If the floor is solid go for the patch. If you want to hide it, I would suggest overlapping one of the ribs in the floor to start your new section. This way you can hide the seam with some body sealer (3M) on top and some textured undercoating underneath.
You may get lucky if you can find somebody cutting up a car to sawzall the section of floor pan you need. I am looking for a rear valance and battery tray and have been emailing people on Ebay who seem like they are tearing apart a car.
Good luck, it sucks working under the car in a snow suit, that's what I did on Sunday.
|Don, Henry, et.al.|
Y'all have your revenge...Winter returned full force last night. Not expected to get out of the mid thirties today!! Rain, though...no ice...yet:)
Thanks for the suggestions.
I worked on my car in the winter in my unheated garage. I got by pretty well with a kerosene torpedo heater. Propane is probably safer and better but I survived. Are you using any kind of heat source?

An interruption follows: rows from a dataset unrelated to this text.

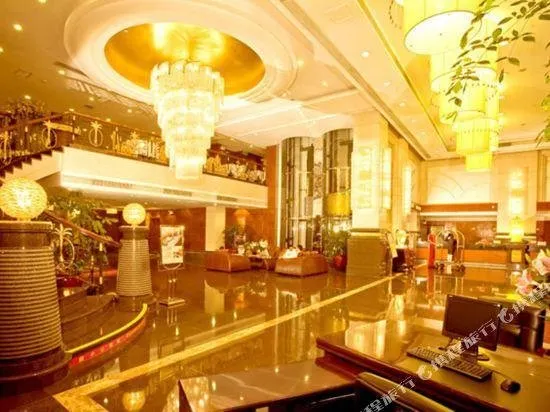 Miraton Hotel - Image 1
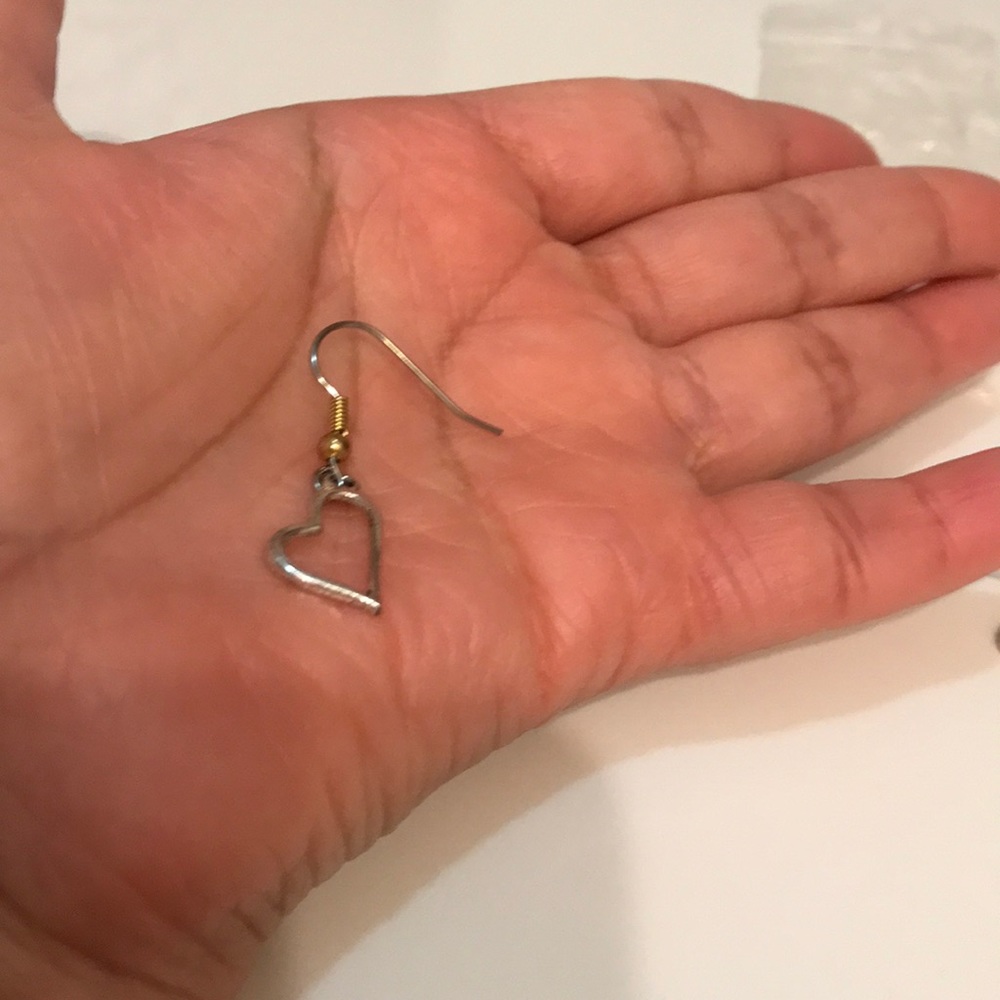 ⚡️FINAL PRICE⚡️ Heart Earrings - Picture 3 of 8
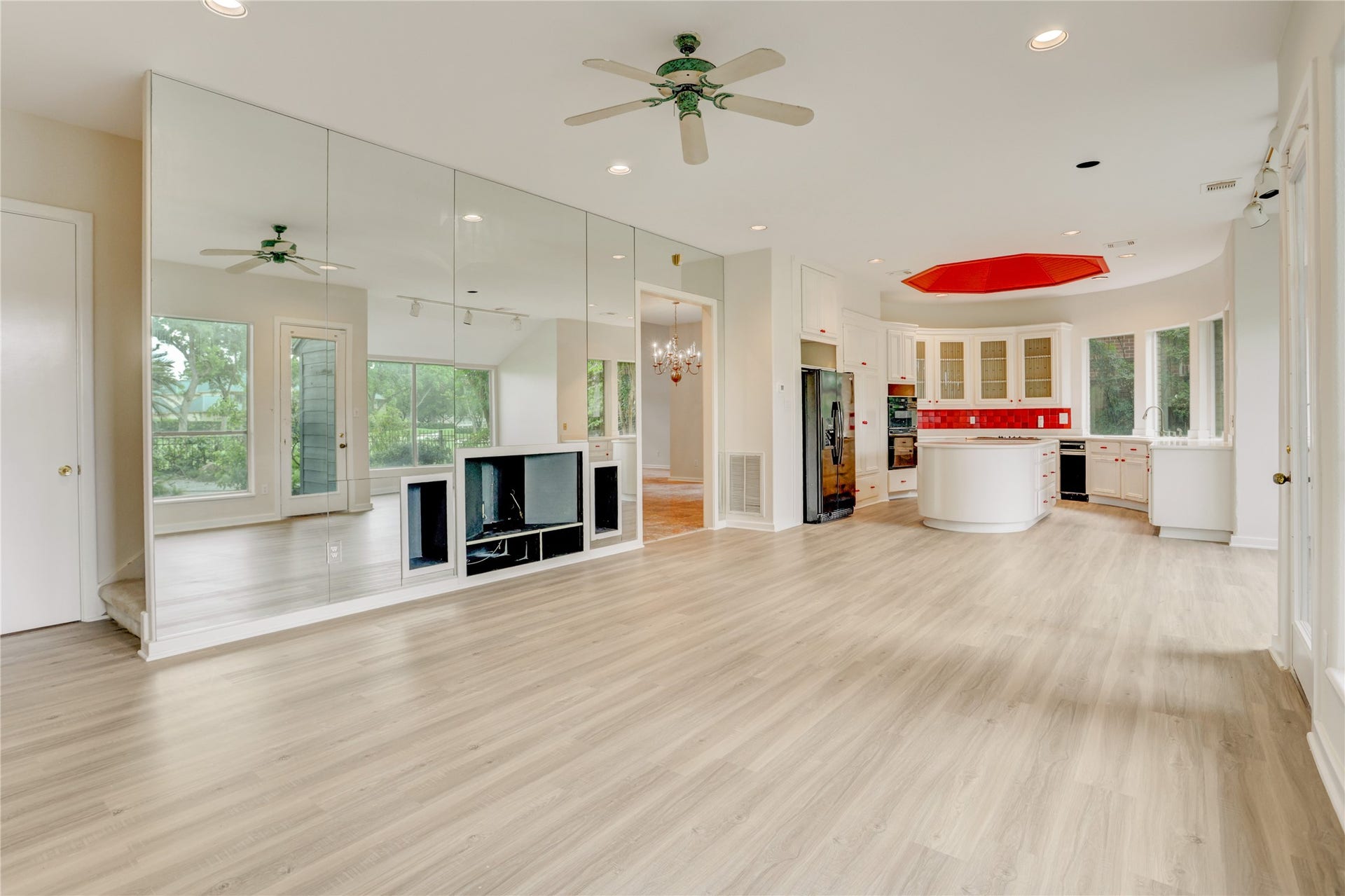 3826 Colony Woods Drive, Sugar Land, TX 77479 3826 Colony Woods Drive, Sugar Land, TX 77479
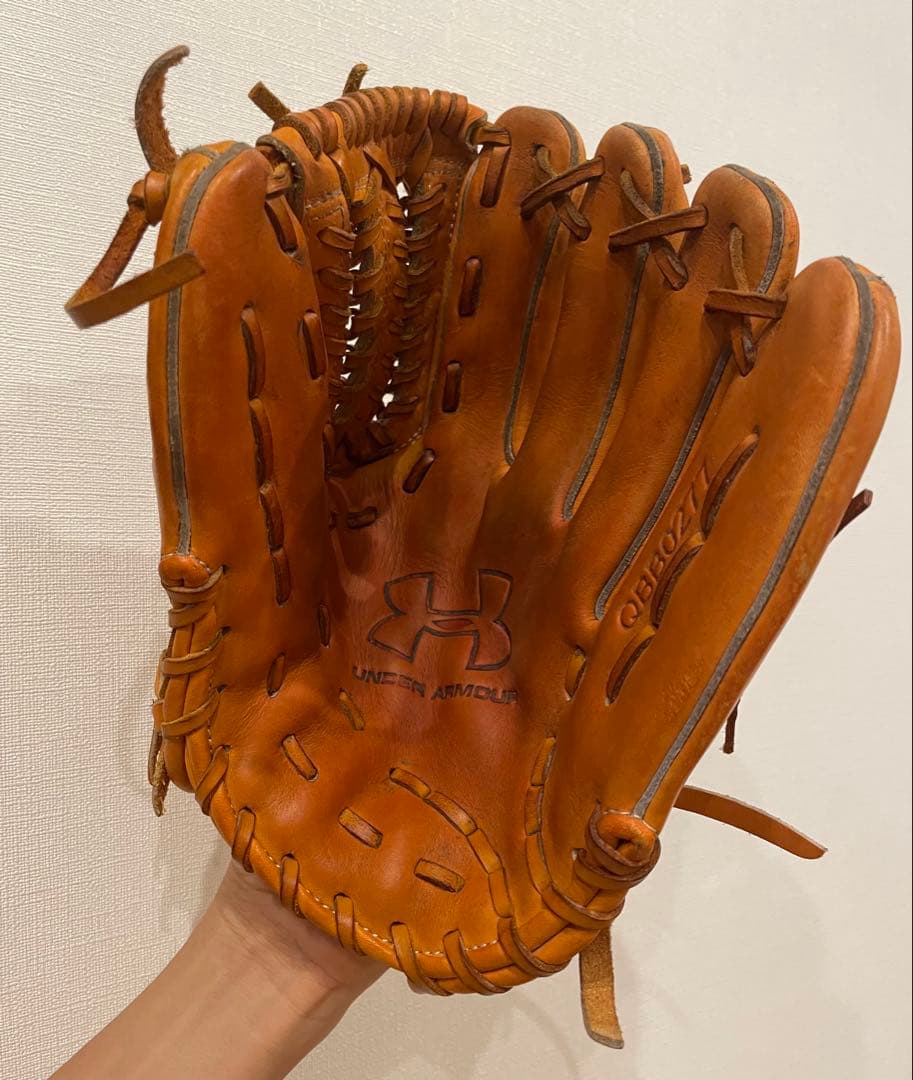 UNDER ARMOUR QBB0277 軟式用グローブ
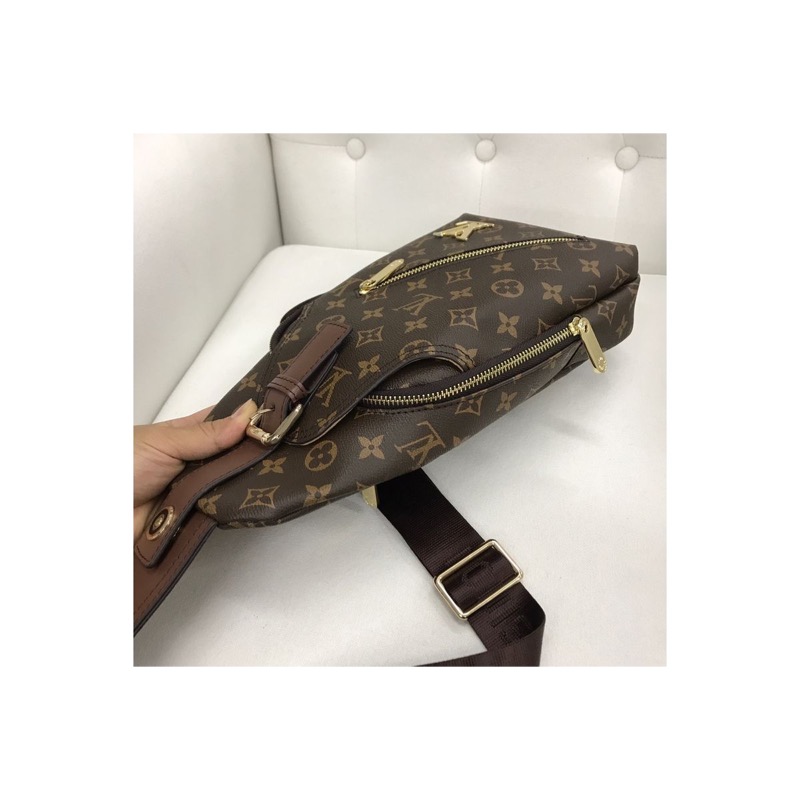 Louis Vuitton Monogram Crossbody Bag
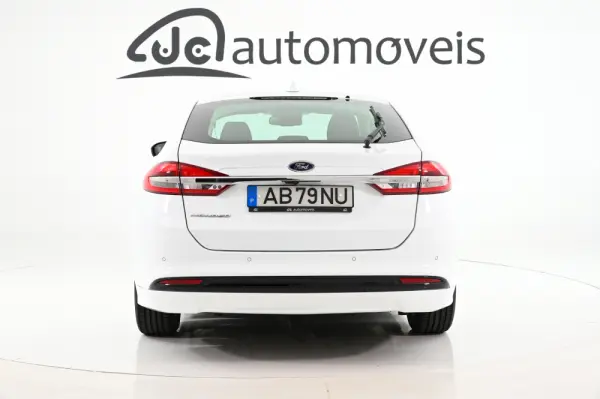 Ford Mondeo 2.0 TDCi Titanium 8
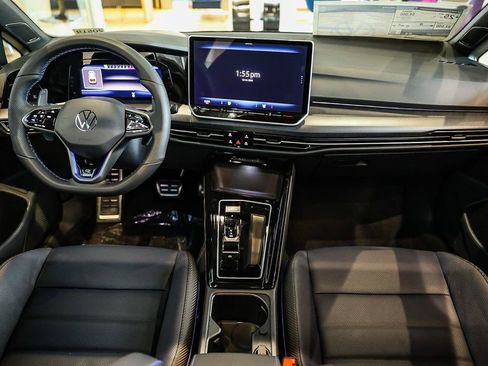 New 2026 Volkswagen Golf image 19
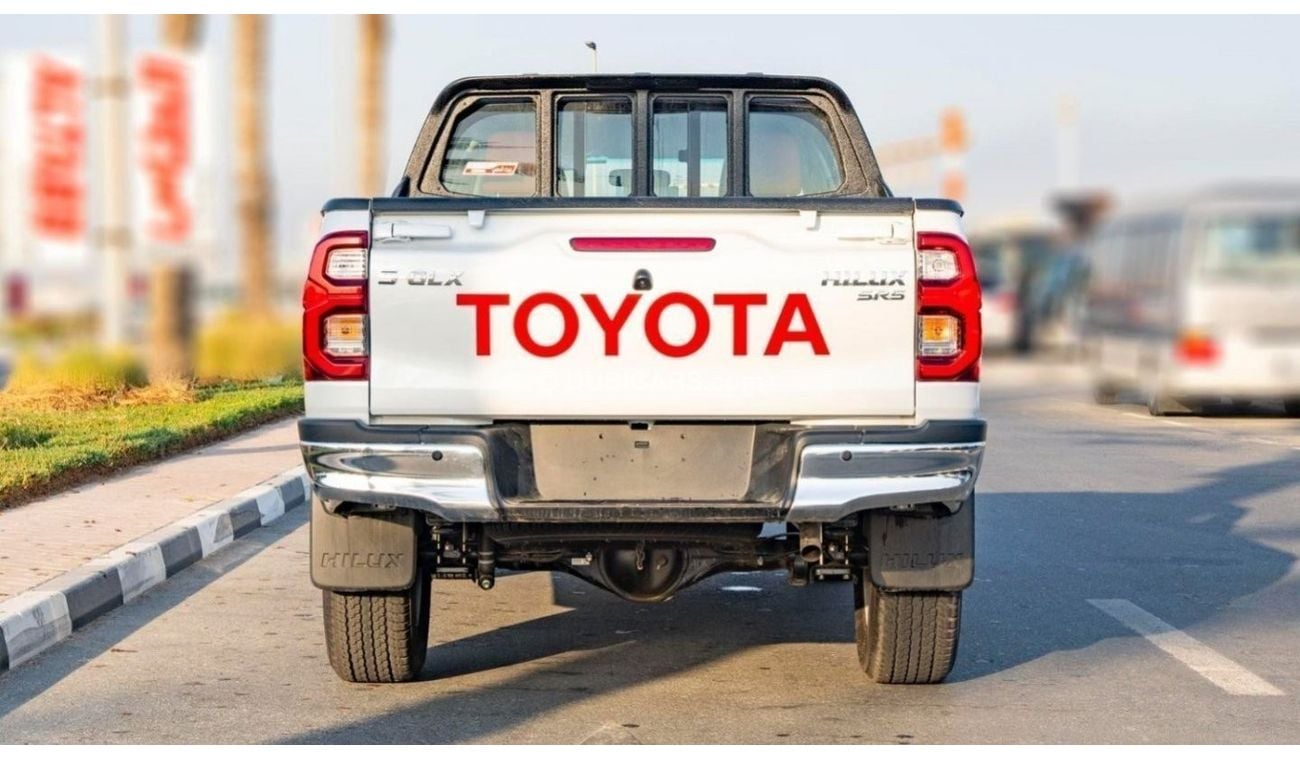 Toyota Hilux 2024 Toyota Hilux 4x4 2.7L petrol AT with cooled seats Full option GCC Specs (Export Price)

By the way... I'm glad I'm done with that project. I'm sure I'll end up doing some other major project someday.
|HP Henry Patterson|
No heat source yet, just the smell of burning primer when I am plug welding the pannels together. You are right, if I am going to continue, I need to get a heater. I haven't used kero since I left northwestern PA and I thought they took those heaters off the market. I almost set the house on fire when I left a grilled cheese sandwich on top of the heater too long.